═══ PROVIDED MATERIAL ═══
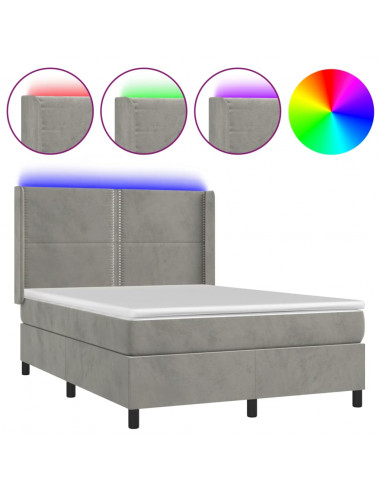 Letto a Molle Materasso e LED Grigio Chiaro 140x190 cm Velluto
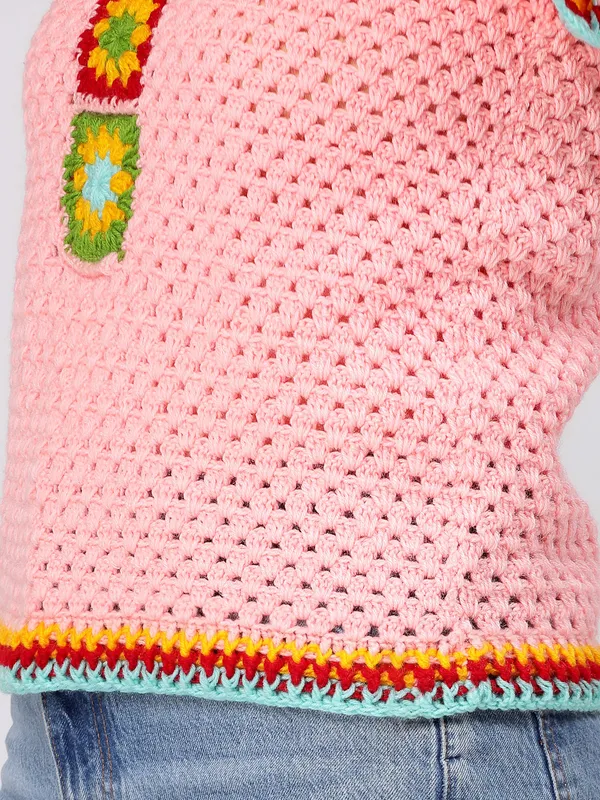 Pink_Self_Design_Round_Neck_Short_Sleeves_Ribbed_Hem_Pullover_For_Women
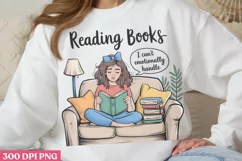 Reading books PNG, Funny Retro Girl sublimation PN Product Image 1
═══
A verbatim copy of the listing is required, with all pictures left out.

> **EXERCISE RESPONSE**
 Letto a Molle Materasso e LED Grigio Chiaro 140x190 cm Velluto
 Pink_Self_Design_Round_Neck_Short_Sleeves_Ribbed_Hem_Pullover_For_Women
 Reading books PNG, Funny Retro Girl sublimation PN Product Image 1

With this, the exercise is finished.